Cara Kampanye Pemilu 2019 Yang Dilarang KPU

larangan kampanye

Pemilihan presiden Indonesia akan diselenggarakan pada tanggal 19 April 2019. Sekarang adalah saatnya untuk para calon memulai tahapan kampanye pemilihan presiden 2019. Komisi Pemilihan Umum (KPU) telah menetapkan dua calon presiden dan wakil presiden, yaitu pasangan Joko Widodo – Ma’ruf Amin dan pasangan Prabowo Subianto – Sandiaga Uno.

Sesuai dengan jadwal yang ditetapkan, para calon presiden dan wakil presiden untuk melakukan kampanye terhitung mulai tanggal 23 September 2018 sampai 13 April 2019. Untuk menjaga situasi kampanye tetap aman dan damin, Komisi Pemilihan Umum (KPU) telah membuat sejumlah larangan yang tidak diperbolehkan untuk dilakukan selama masa kampanye.

Peserta Kampanye Tidak Boleh Membawa Bendera Negara Lain

Dalam Peraturan KPU (PKPU) Nomor 23/2018 tentang Kampanye Pemilihan Umum, tercantum beberapa larangan dalam kampanye. Salah satunya terdapat dalam Pasal 45 Ayat (1) yang melarang peserta membawa bendera negara lain. “Kalau bendera negara lain jelas tidak boleh,” kata Komisioner KPU Wahyu Setiawan

Pasal tersebut berbunyi: “Petugas dan peserta rapat umum dilarang membawa atau menggunakan tanda gambar, simbol, panji, pataka, dan/atau bendera yang bukan tanda gambar atau atribut dari peserta pemilu yang bersangkutan,” bunyi Pasal 45 Ayat (1).

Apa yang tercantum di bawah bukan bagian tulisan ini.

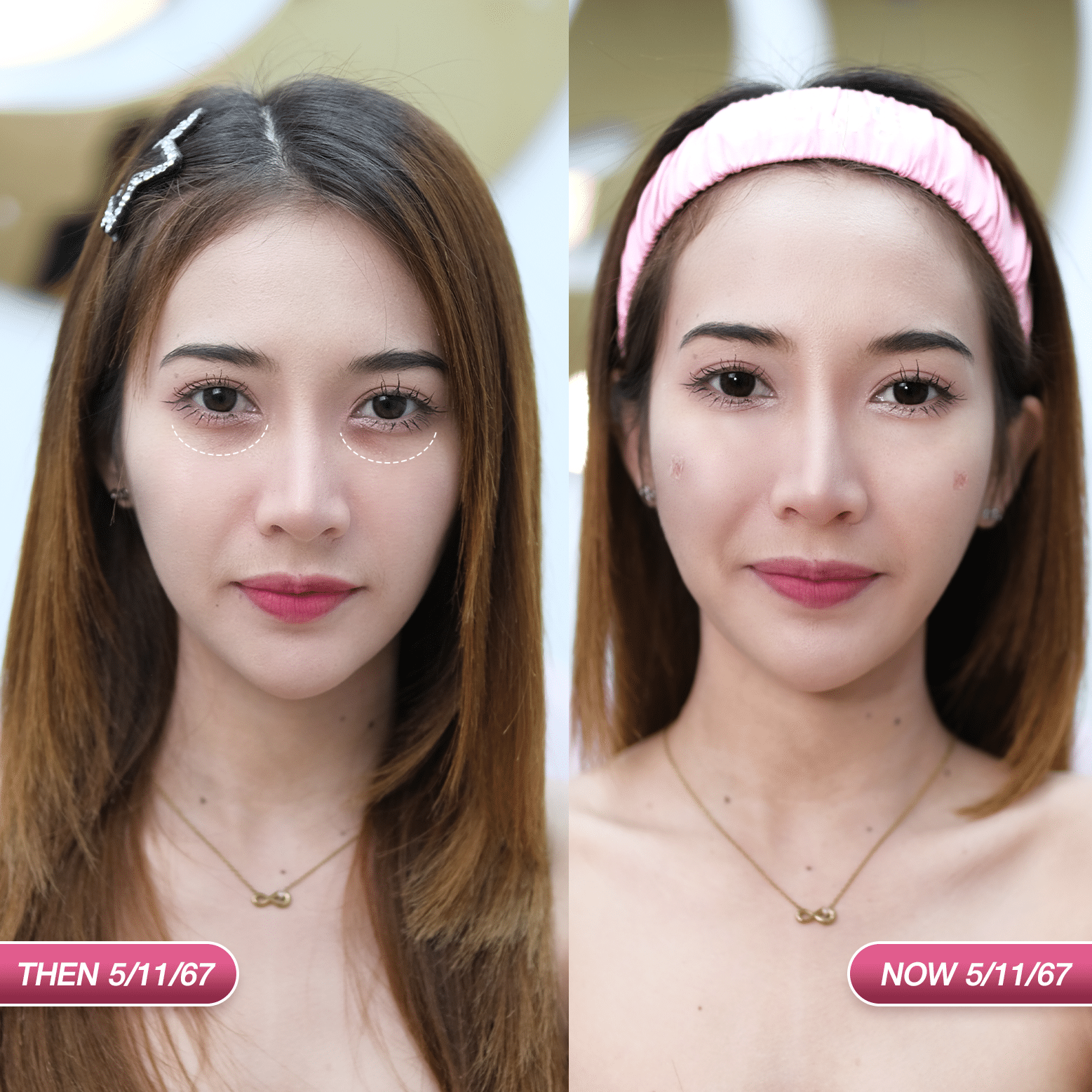 ฟิลเลอร์ใต้ตา ภัส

Larangan Kampanye di Tempat Ibadah

Pasangan capres-cawapres yang telah ditetapkan KPU harus patuh pada aturan mengenai tempat-tempat pemasangan alat peraga kampanye. Hal itu tercantum dalam Pasal 34 Ayat (2), PKPU Nomor 23/2018.

“Lokasi pemasangan Alat Peraga Kampanye sebagaimana dimaksud pada ayat (1), dilarang berada di: a. tempat ibadah, termasuk halaman; b. rumah sakit atau tempat pelayanan kesehatan; c. gedung milik pemerintah; dan d. lembaga pendidikan (gedung dan sekolah),” bunyi pasal 34 (2).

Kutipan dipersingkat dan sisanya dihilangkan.